短暫的巡視後,陌生的環境讓我們覺得無從下手。試試看從聊家常,或搭茬找翻譯工作開始,都很快被拒絕了。同修乾脆直接送上真象資料,我立刻跟上講真象。幾個展位下來,我們都挺滿意。這時,一位同修趕到,我們對分工重新作了安排。我去會合另外一個單獨講真象的同修。她講得比較細緻認真,幾十分鐘了,針對一個展位一直解釋著。想起來剛才的情形,我一直單方面的講著,把我想要講的內容一股腦的一下子倒給對方,沒有交流,聽眾的狀態我幾乎不了解。我覺得,我應該改進一下。
這時,另兩位同修也找到了我。他們也碰到了困難,繼續發真象資料時,有一些展位拒絕。他們想跟我們做一個簡短的交流,我認為,問題就出在我們的心上,擺正心態,沒有任何的雜念,我們就能糾正這裏的空間場。
我與晚到的同修合作再次開始講真象。開始很不順利,兩三個展位都是拒絕,無論是她講還是我講,都碰釘子。一定是我們的心有問題。我們開始交流各自的心態。我們兩個人合作,任何一個人有雜念,我們兩人講真象的效果都不會好。不僅各自的心態保持純正,而且對對方要有信任。接下來的一個展位,我講的不是很理想。我對同修說,也許我一開始就講公審江××聽眾難以接受。同修鼓勵我:向內找,不是這樣找的。有了這句話,我的心穩了,這是同修對我的信任。
接下來,我們講得都很順利。有的展位當場看起來揭露天安門自焚真象的VCD,有的開始反對、拒絕的展位,也在我們耐心的講解下接受了真象材料。我做的稍有不圓滿的地方,同修就提醒我。快結束時,我們心態平和、穩定,碰到了一個已經拒絕過我們的展位。展位的幾個人對法輪功的誤解都根深蒂固,我們與他們談了四十多分鐘,周圍幾個展台都被吸引過來。辯論中,他們的邏輯都已經混亂,不停強調自己是對的,我們卻始終保持平和。最後,一位小姐說,她很佩服我們的修養。
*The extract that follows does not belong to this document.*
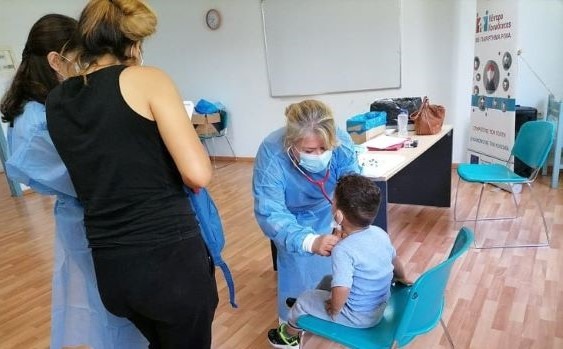Παιδιατρική εξέταση και εμβολιασμός παιδιών Ρομά στη Ρόδο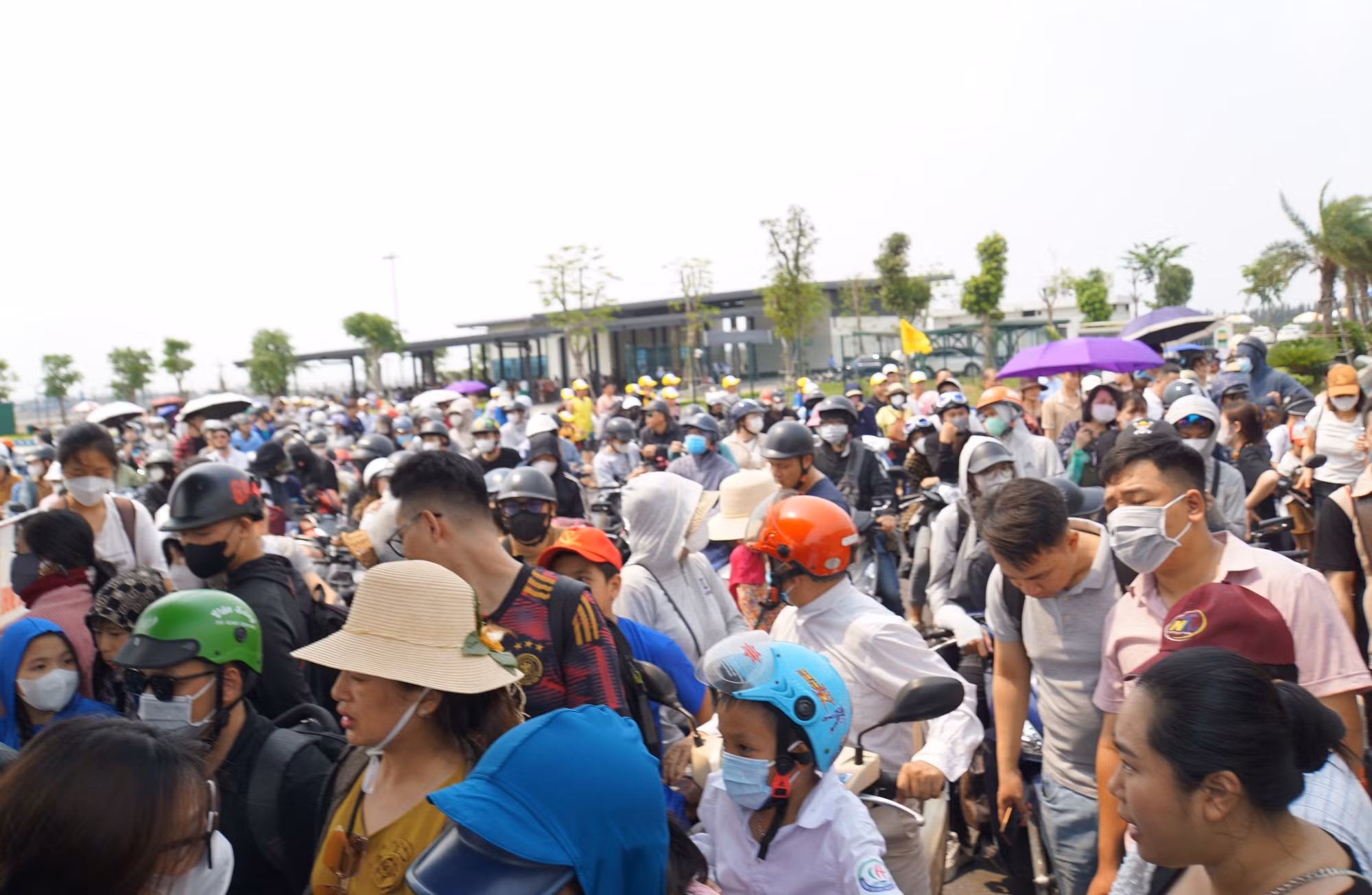 Hải Phòng: du khách chen chân tại các tụ điểm du lịch -0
我們及時中斷談話,前往其他展台,周圍的人剛才聽了我們講的內容,欣然接受了我們的資料,提出的問題變得中性並帶有理解。剛才與我們辯論的展台的一位先生這時跟了過來,在單獨的交談中,他對我說,回香港後,他一定重新了解我們。我知道,我們的論辯,似乎表面沒有輸贏,但其實參與的聽眾,內心已經折服。
歸程中,我看到了一位來來回回奔忙的先生,我們碰面好幾次了。他開始時拒絕我的材料,這時,他微笑著點頭向我致意。我知道,這個展廳的很多中國人,今天明白了真象了。